Problem description - An exact copy of the lines of the listing below between the "Hestra ARMY LEATHER GORE-TEX ミトン　グローブ" line and the "Kampffisch Futter Set, Gesunde" line, both included, is the whole answer; please omit the pictures.
── Study material ──
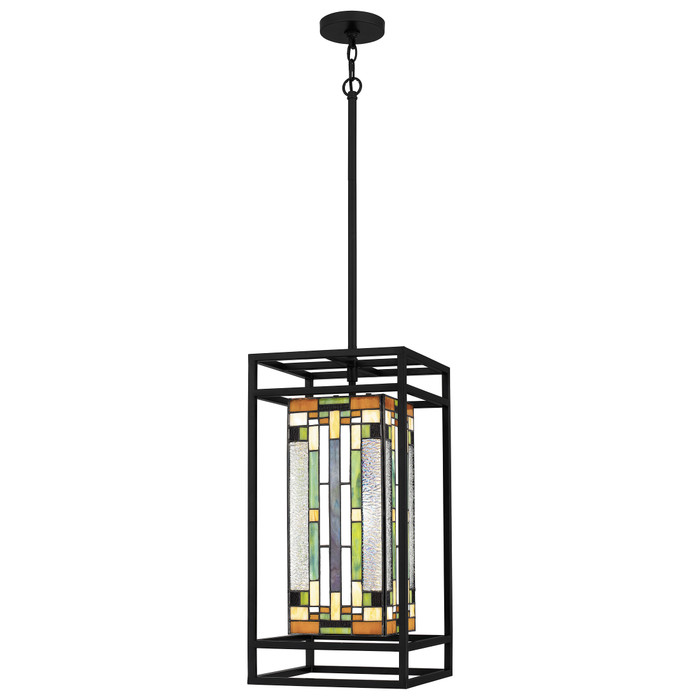 Quoizel  Traditional Mini pendant 1 light QZL-TF5333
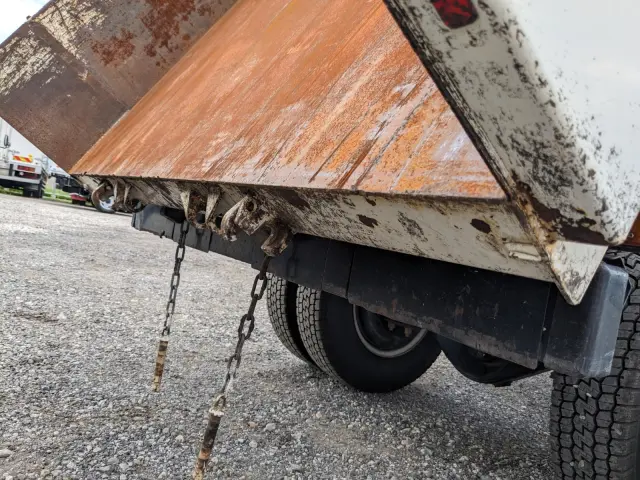 いすゞ エルフ TPG-NKR85AD(2WD)の写真11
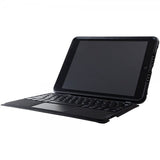 Otterbox iPad 10.2 (gen 7/8/9) Etui Innebygd Tastatur UnlimitED Keyboard Case Nordic Svart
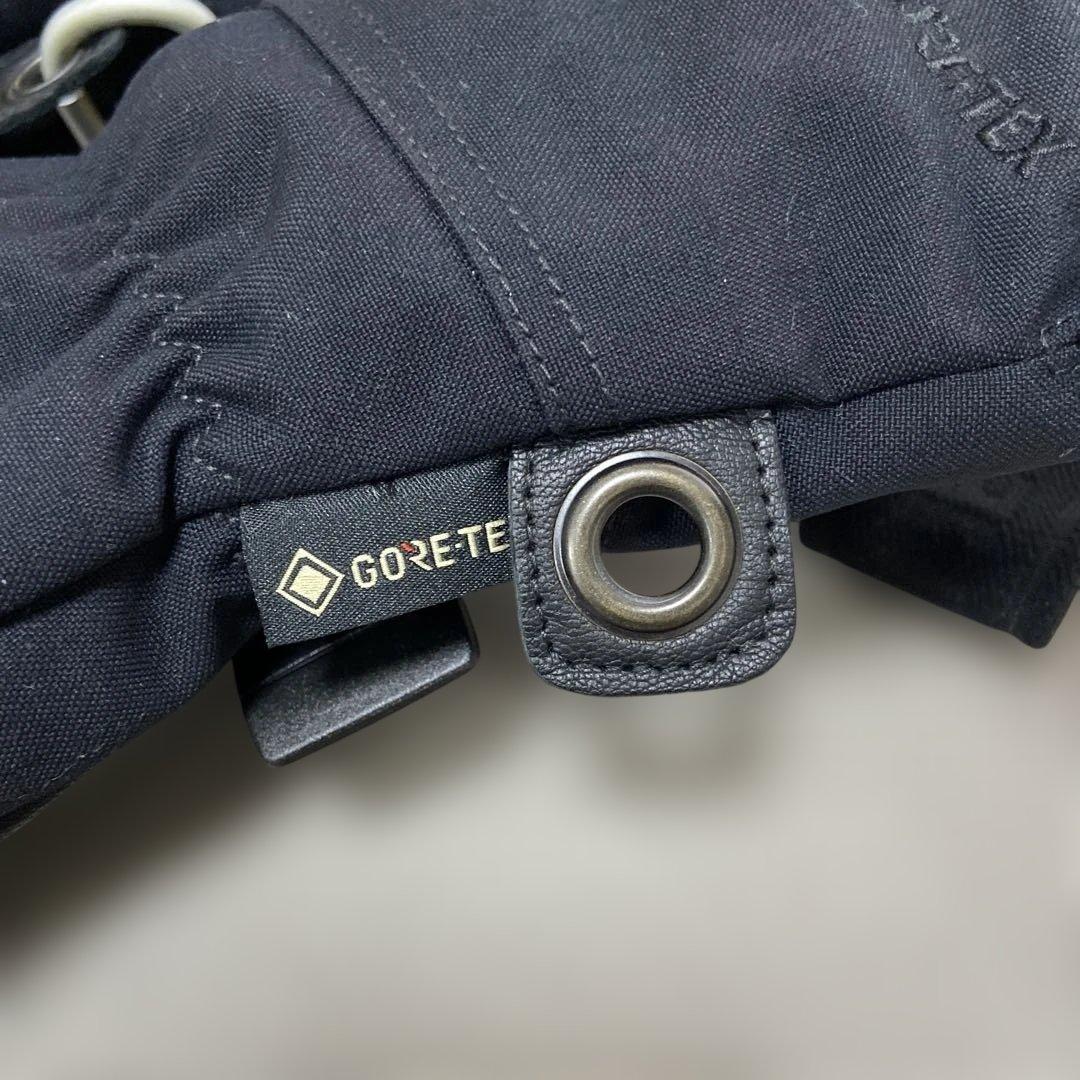 Hestra ARMY LEATHER GORE-TEX ミトン　グローブ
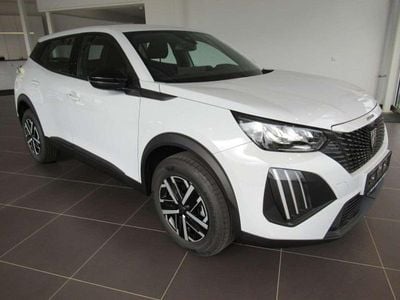 Weiß Gebraucht 2023 Peugeot 2008 Active SUV | € 22.990 (Teuer)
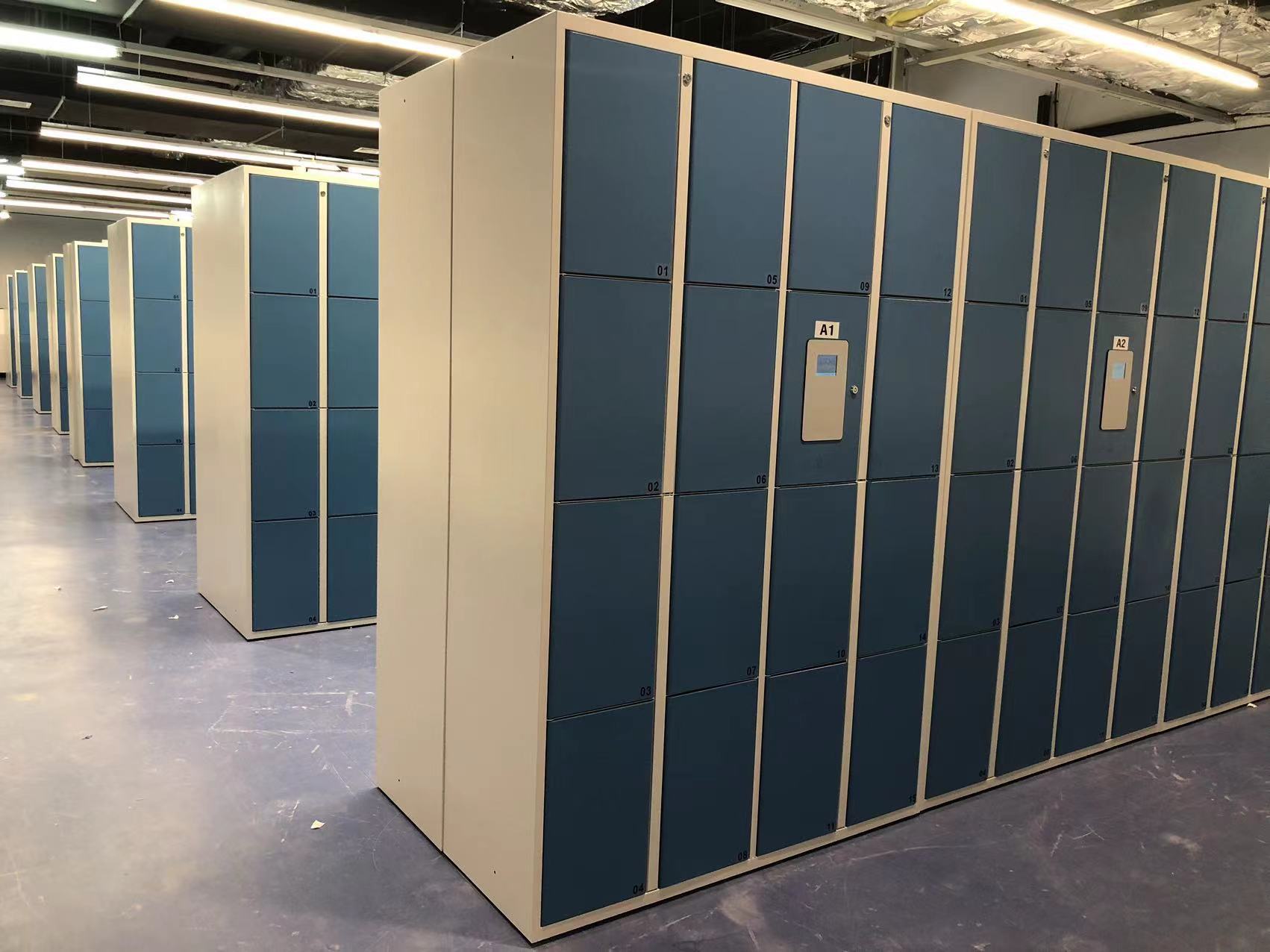 Metal storage system
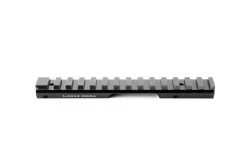 Britannia Rails Ruger M77 Rimfire Standard Aluminium Picatinny Rail - 1-0012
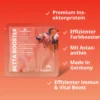 Kampffisch Futter Set, Gesunde Ernährung für alle Bettas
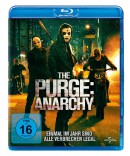 Saturn.de: The Purge – Anarchy [Blu-ray] für 5,06€ + VSK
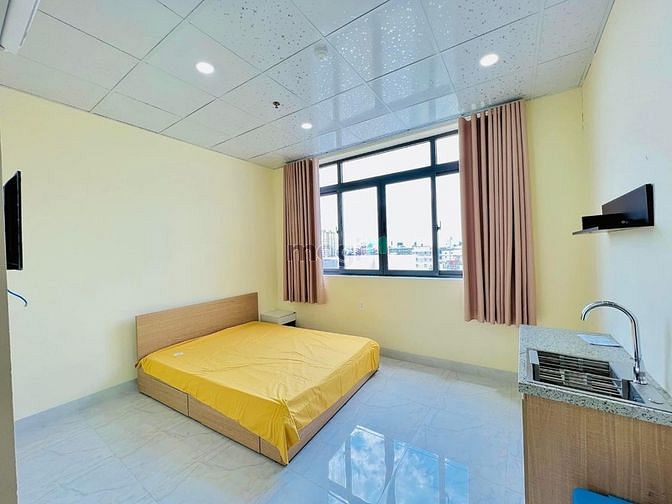 Hình ảnh CĂN HỘ BÌNH THẠNH - Gần Cầu Thị Nghè Q1
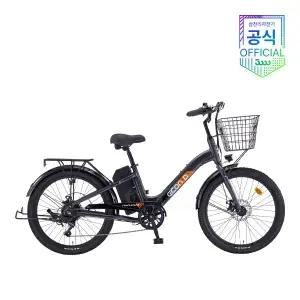 [삼천리자전거]팬텀 이콘-D 7단 24 삼천리 전기자전거 2025년 - 완조립 공식직영몰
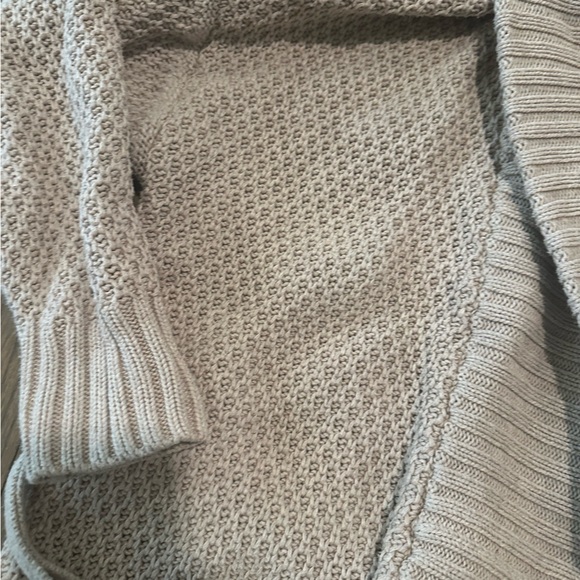 525 America Cream Women's Cardigan Sweater - Picture 2 of 3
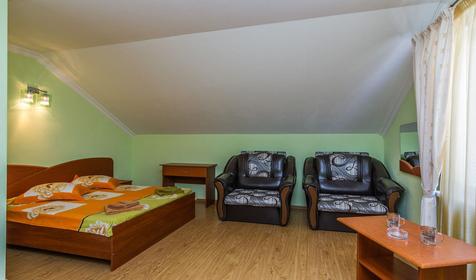 Гостиница Лагуна, Туапсинский район, п. Новомихайловский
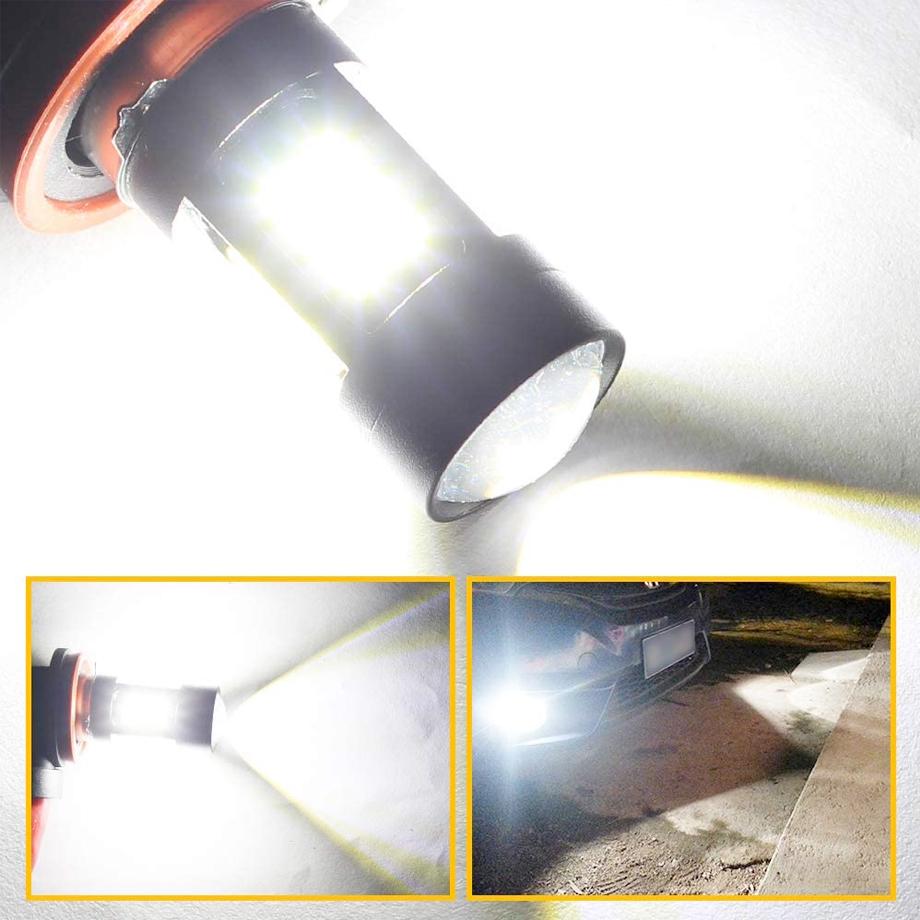 H16 - 21SMD Projector LED Bulb Max Motorsport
───
Response to the task -
 Hestra ARMY LEATHER GORE-TEX ミトン　グローブ
 Weiß Gebraucht 2023 Peugeot 2008 Active SUV | € 22.990 (Teuer)
 Metal storage system
 Britannia Rails Ruger M77 Rimfire Standard Aluminium Picatinny Rail - 1-0012
 Kampffisch Futter Set, Gesunde Ernährung für alle Bettas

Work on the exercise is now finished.